# EXERCISE
Starting from the line with "Продам iPhone 12" and going up to and including the line with "Figlio che morde il padre.", copy the listing below exactly. Leave all images out.

# TASK DATA
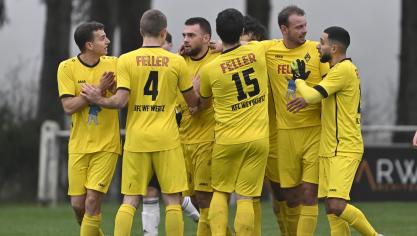 <p>In der ersten Halbzeit spielte Weywertz mit St.Vith phasenweise Katz und Maus.</p>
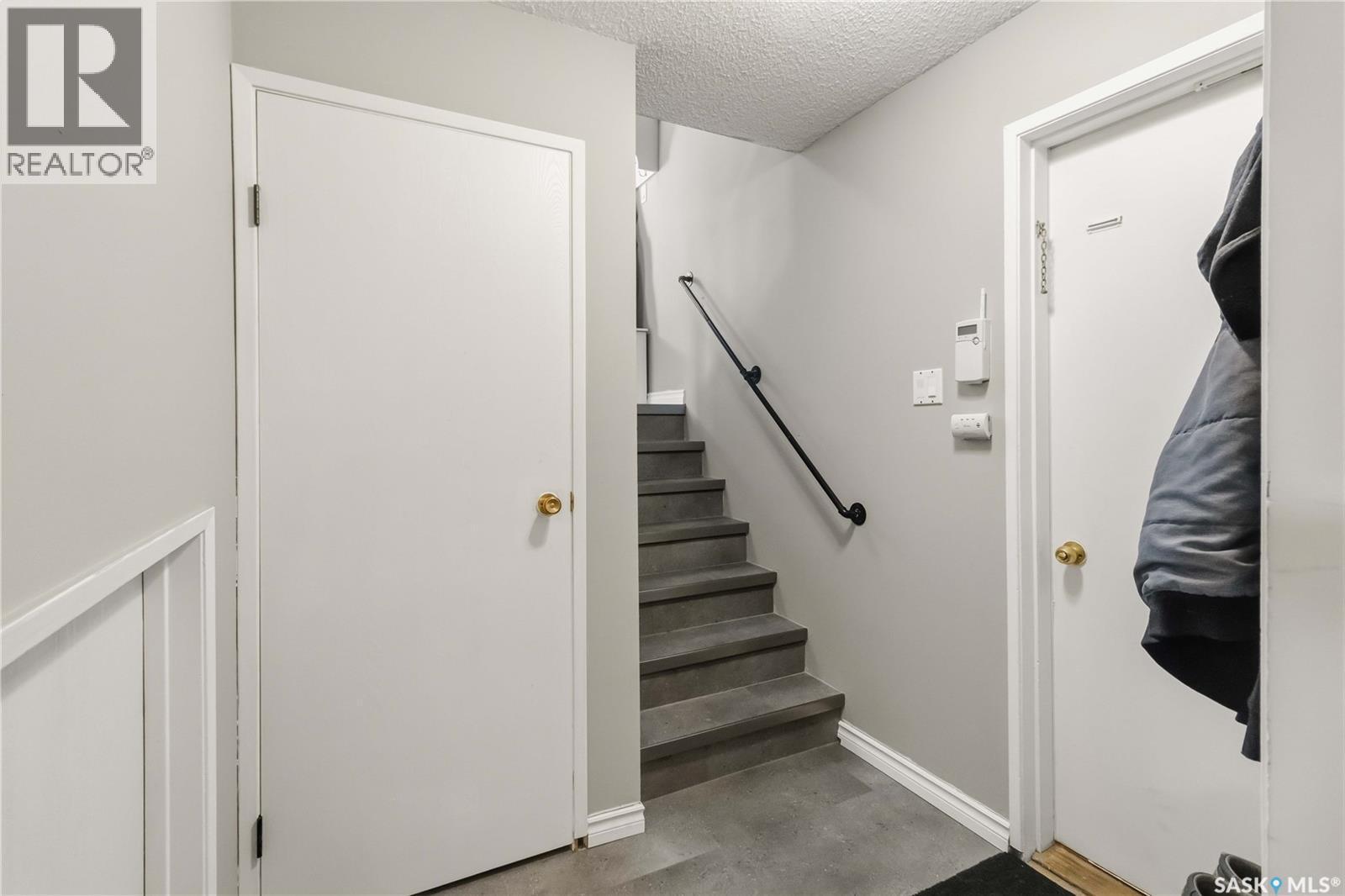 526 Tobin Crescent, Saskatoon, SK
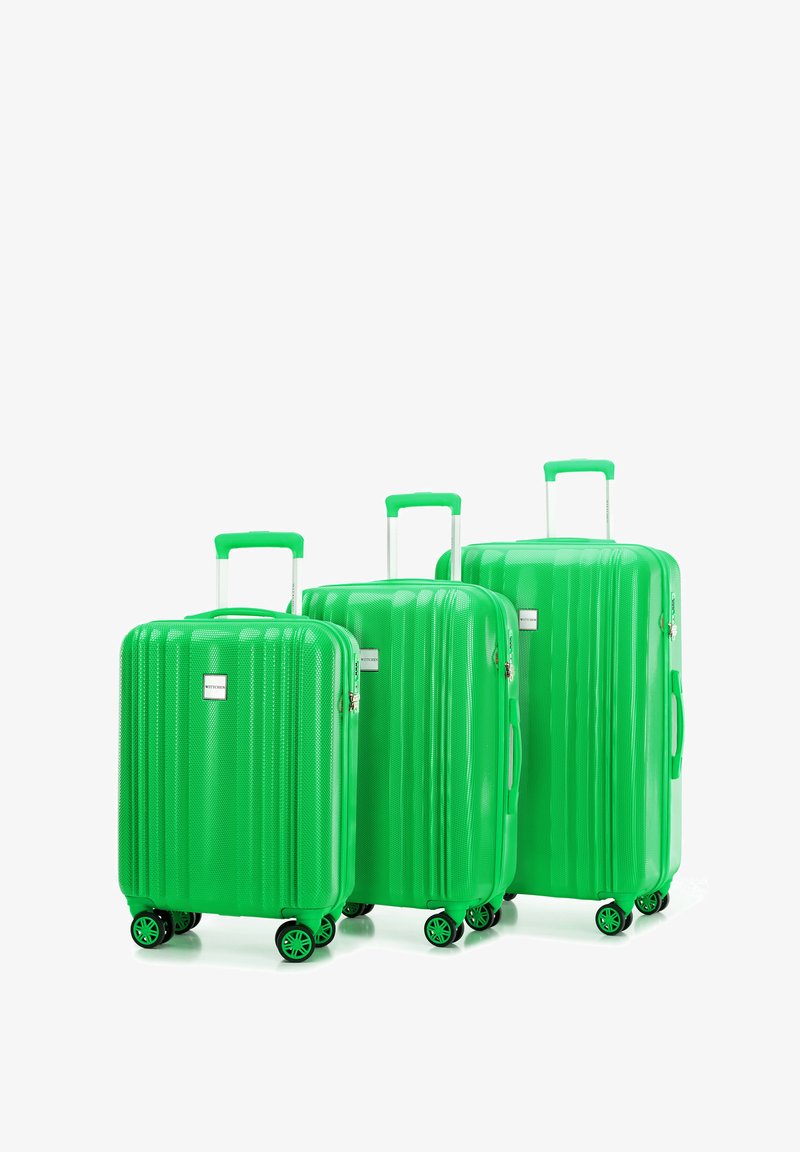 Groene harde bagageset van drie maten, met een getextureerde oppervlakte, uitschuifbare handvatten en vier wielen voor gemakkelijke verplaatsbaarheid.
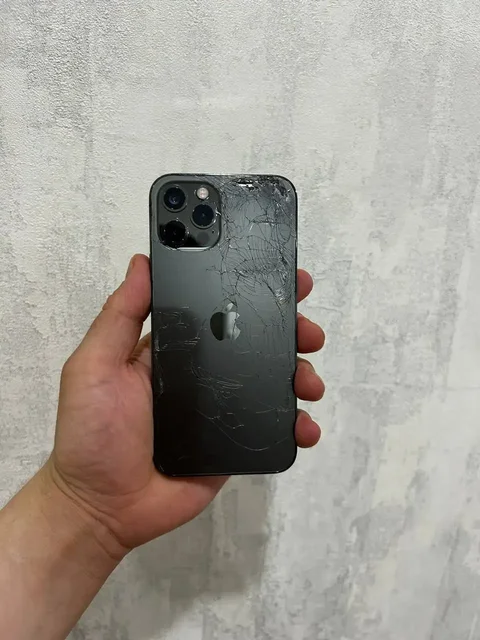 Продам iPhone 12 Pro 128gb с повреждениями - Смартфоны в Чебоксары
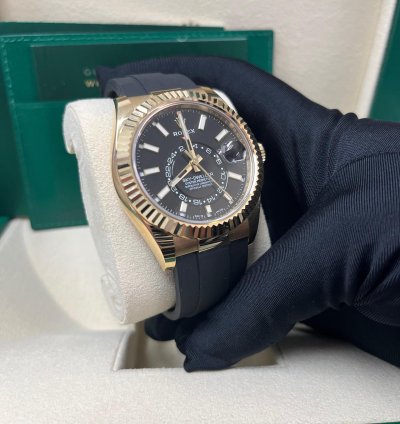 Rolex Sky-dweller Yellow Gold 42mm Black Dial Oysterflex 326238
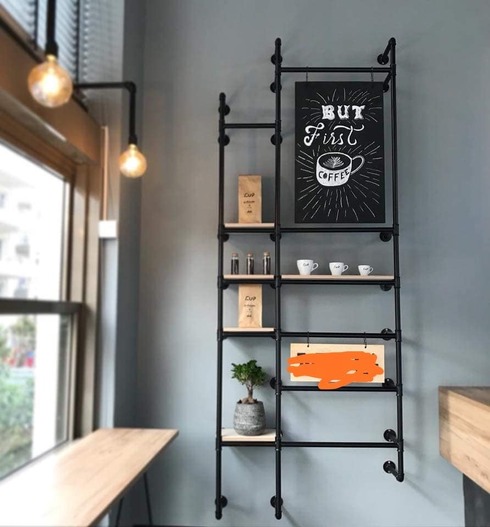 Μεταλλικά διακοσμητικά ράφια καταστήματος, μεταλλικός πάγκος, μεταλλικό τραπέζι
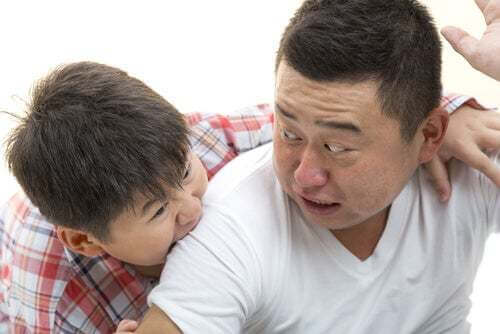 Figlio che morde il padre.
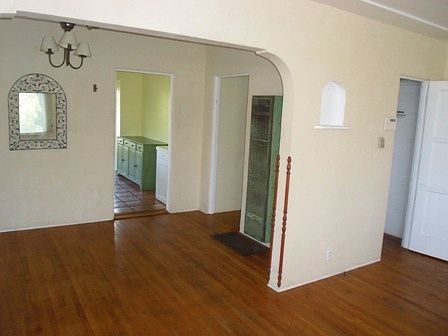 3rd image of 4604 Newport Ave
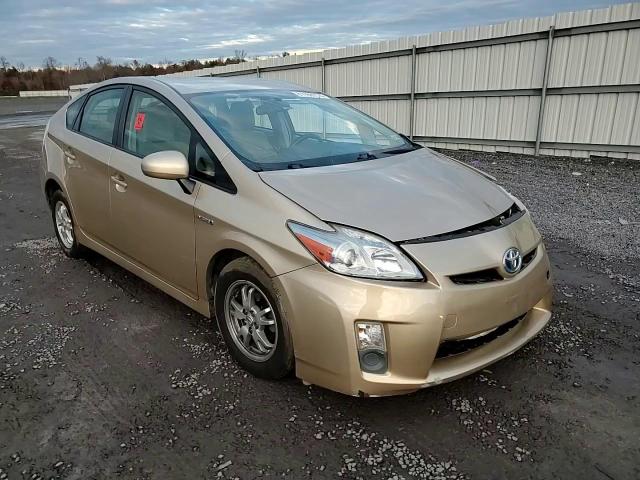 2011 Toyota Prius - Image 10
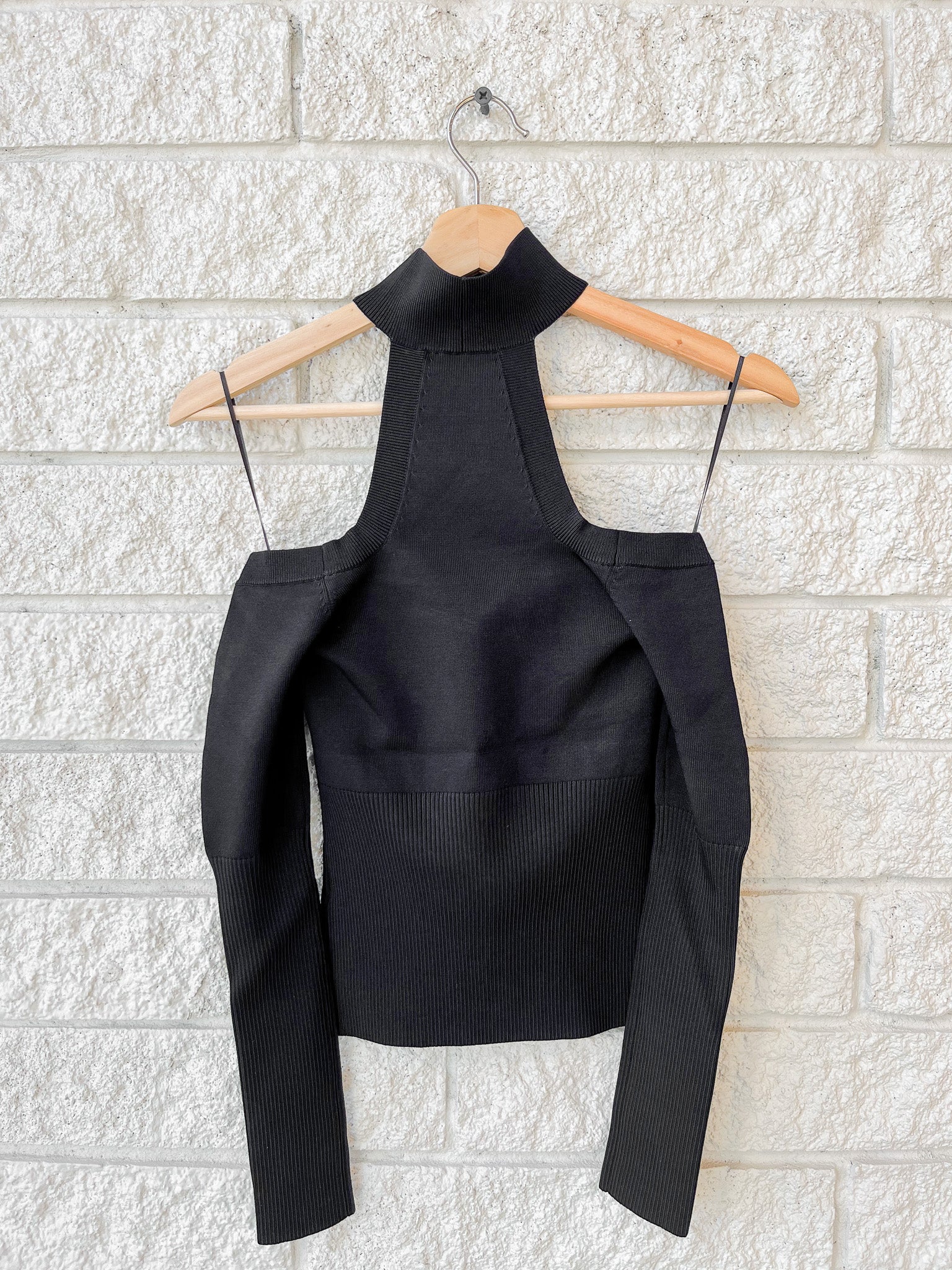 Lila Cold Shoulder Top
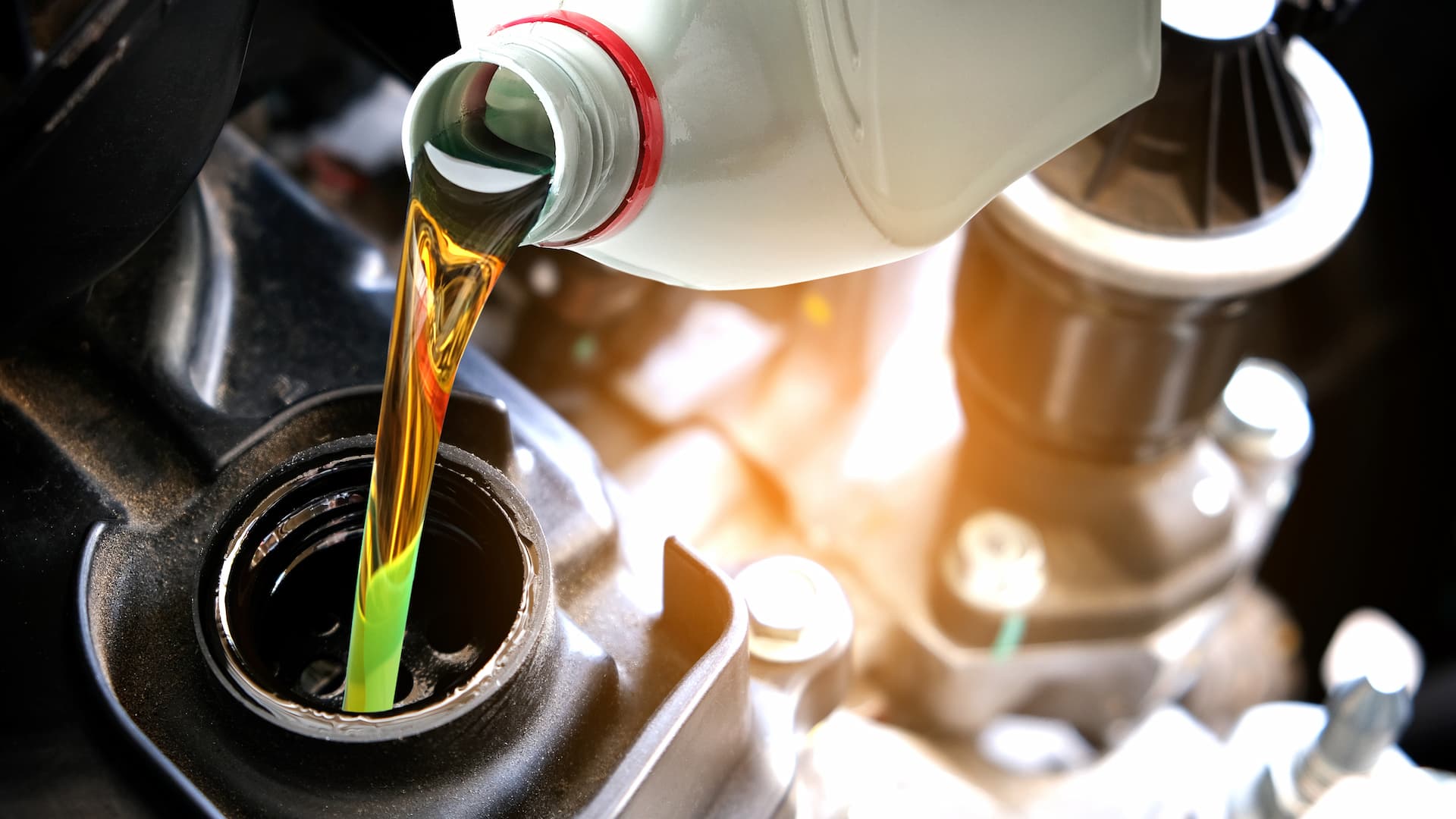 The Role of High-Performance Lubricants in Reducing Maintenance Costs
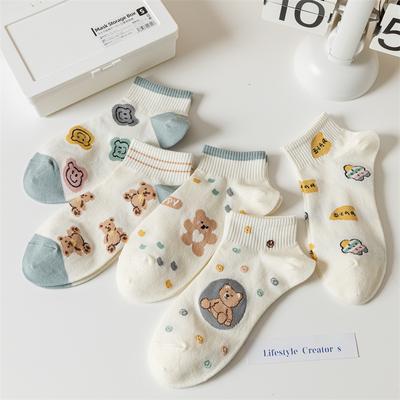 Female Spring and Summer Thin Fashionable New Cute Cartoon Bear Socks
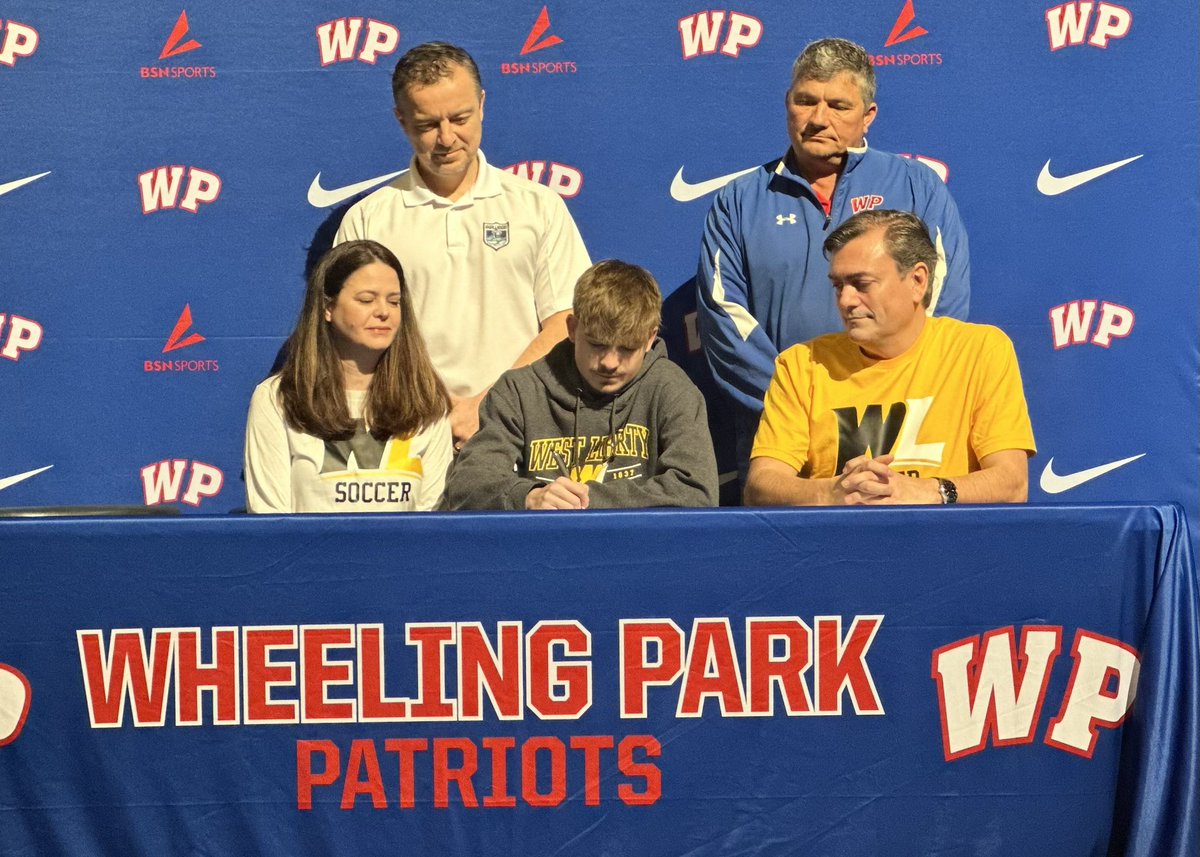 Congrats to our U18 Matteo Gattesco on signing to play college soccer @WLU_MSoccer ! Matteo is a talented athlete and (importantly) a great young man! #therecanbeonlyone #wheelingfeeling @WheelingVisitor @str8trainingrnd @ovplsoccer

# SOLUTION
 Продам iPhone 12 Pro 128gb с повреждениями - Смартфоны в Чебоксары
 Rolex Sky-dweller Yellow Gold 42mm Black Dial Oysterflex 326238
 Μεταλλικά διακοσμητικά ράφια καταστήματος, μεταλλικός πάγκος, μεταλλικό τραπέζι
 Figlio che morde il padre.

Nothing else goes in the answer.